3. If you have portals, you can load on demand - but try and do some prediction so that likely cells data is loaded ahead of its portal being visible.

4. Consider LOD for the data in the cells - load the low LOD data for all cells neighbouring the current one - so even if the player takes an unexpected path, you can still show them something on screen and be loading the high LOD data while they approach the cell.

5. Compress the data - all of it - for geometry, pre-process the float values or LZ style compression won''t do much for you (the paper on the Java3D compression schemes might give you some ideas though the overall technique is patented).

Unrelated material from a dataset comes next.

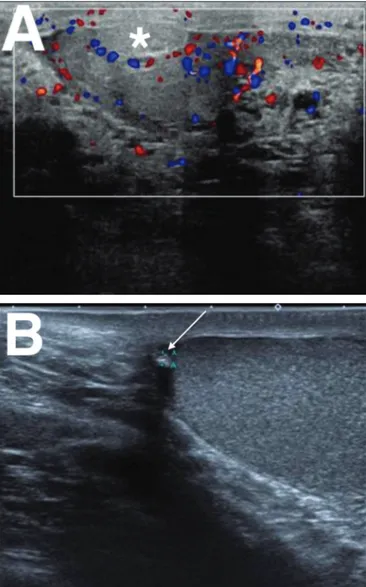 Figura 6. A: Torção do apêndice testicular aguda. Notar o aumento no tamanho  do apêndice testicular (asterisco), que não apresenta fluxo ao estudo Doppler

The CPU is always faster than any file access so compression is desirable.

6. If the data can be read from CD, take extra care to sort the pack file well - however some things like movies might do better on a different part of the CD. Look up "Constant Angular Velocity" - due to the physical nature of CDs, the data on them can be accessed at different rates at different parts of the disc. Seeks on CDs are very expensive - don''t do them unless necessary.

7. Use asyncronous file IO. However, beware that a) it doesn''t work on Windows95, only on 98 and above, b) some drivers for old hardware such as CD drives may say they support async mode and then end up stalling on data reads.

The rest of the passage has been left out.